The response should contain all of the data below, reproduced exactly, and no pictures.

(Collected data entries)
= Beginning of Section =

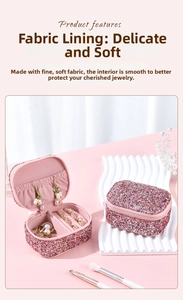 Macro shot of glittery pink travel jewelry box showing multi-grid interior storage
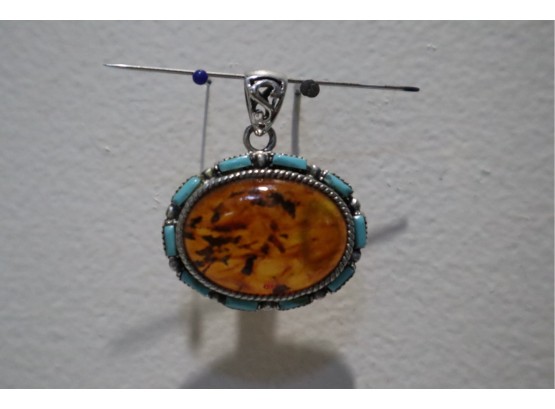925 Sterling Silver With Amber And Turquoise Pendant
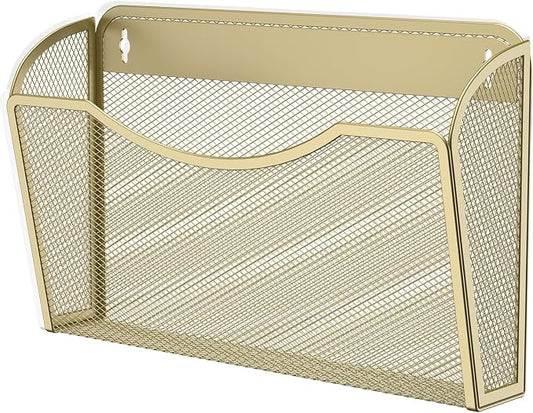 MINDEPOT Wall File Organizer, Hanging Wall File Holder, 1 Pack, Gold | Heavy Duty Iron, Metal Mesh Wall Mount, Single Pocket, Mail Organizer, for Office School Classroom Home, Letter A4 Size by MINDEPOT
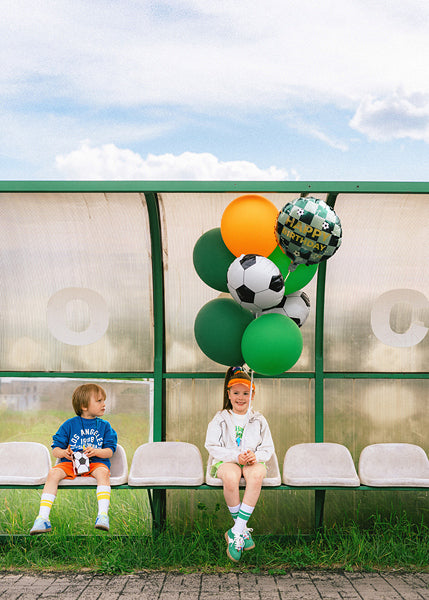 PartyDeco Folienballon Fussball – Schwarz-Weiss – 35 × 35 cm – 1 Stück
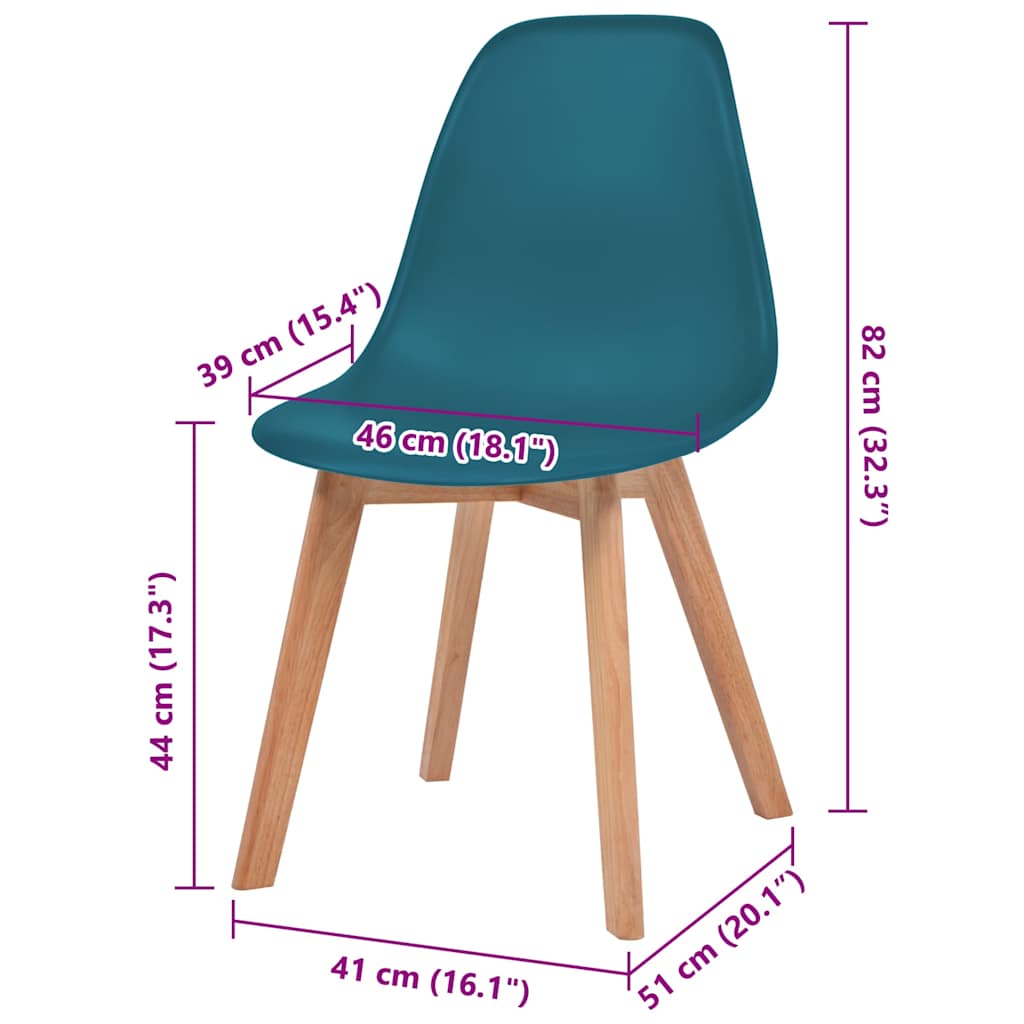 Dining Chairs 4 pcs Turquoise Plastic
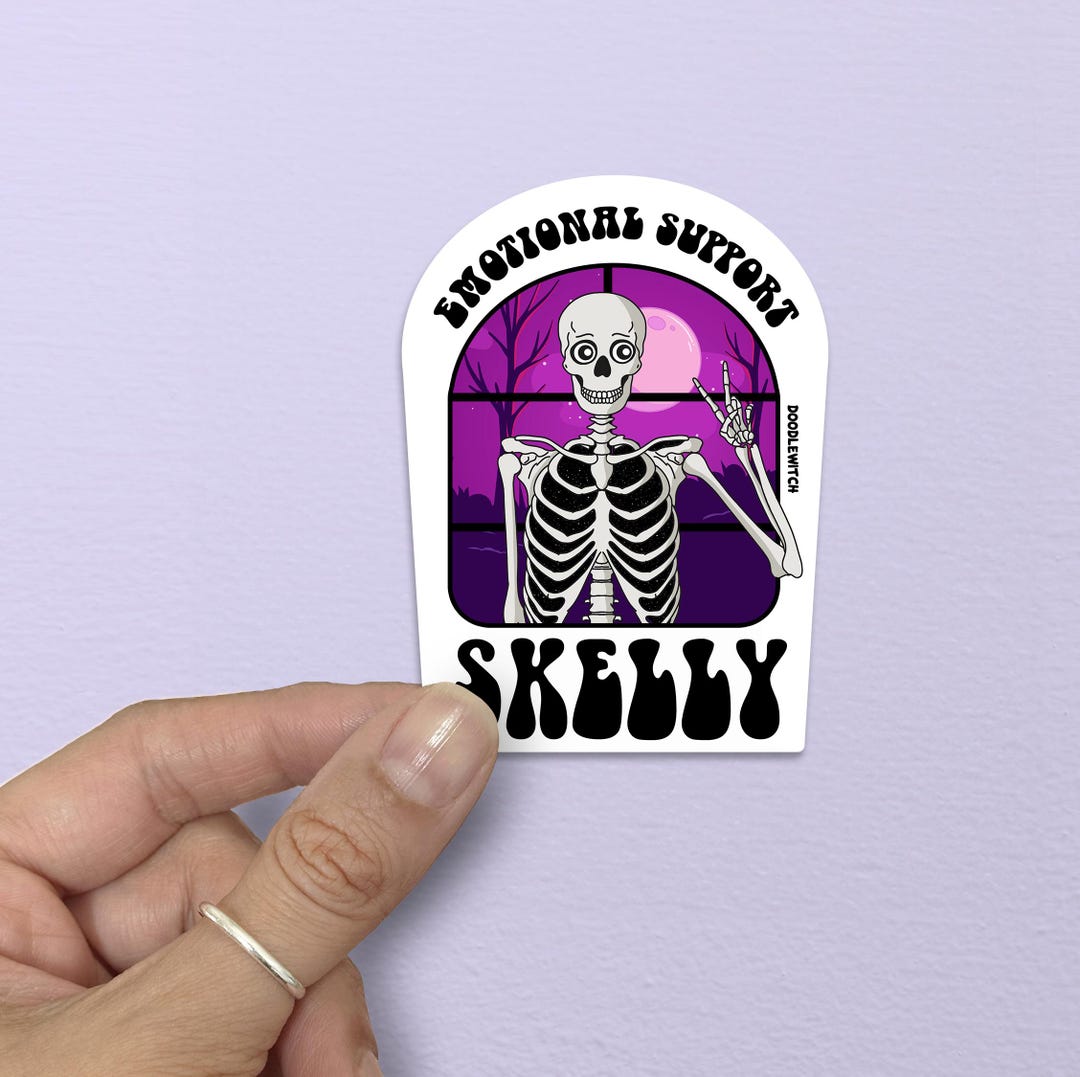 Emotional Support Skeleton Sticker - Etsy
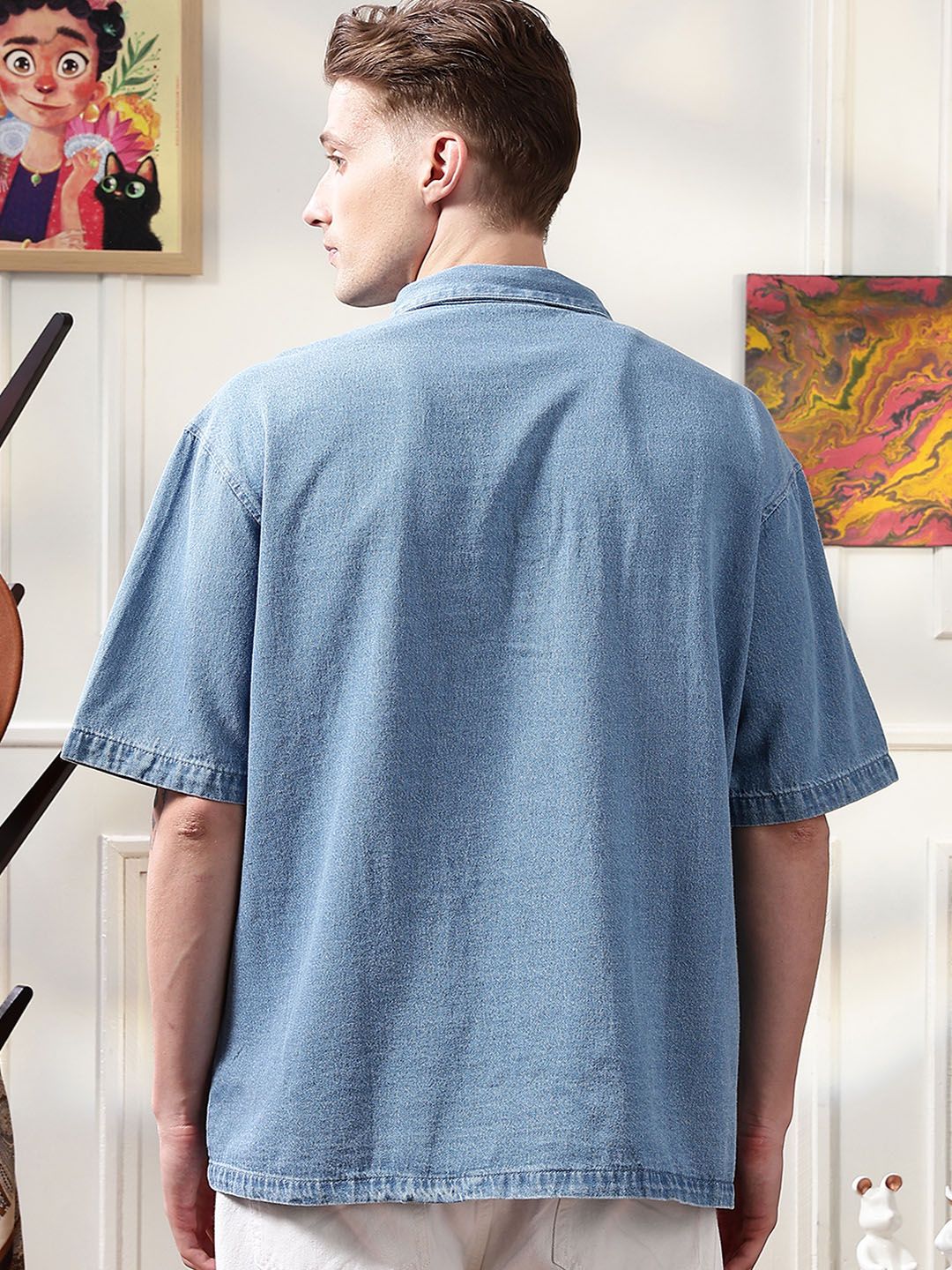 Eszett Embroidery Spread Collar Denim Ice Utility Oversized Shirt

= End of Section =

_Result of this exercise_:
 Macro shot of glittery pink travel jewelry box showing multi-grid interior storage
925 Sterling Silver With Amber And Turquoise Pendant
 MINDEPOT Wall File Organizer, Hanging Wall File Holder, 1 Pack, Gold | Heavy Duty Iron, Metal Mesh Wall Mount, Single Pocket, Mail Organizer, for Office School Classroom Home, Letter A4 Size by MINDEPOT
 PartyDeco Folienballon Fussball – Schwarz-Weiss – 35 × 35 cm – 1 Stück
 Dining Chairs 4 pcs Turquoise Plastic
 Emotional Support Skeleton Sticker - Etsy
 Eszett Embroidery Spread Collar Denim Ice Utility Oversized Shirt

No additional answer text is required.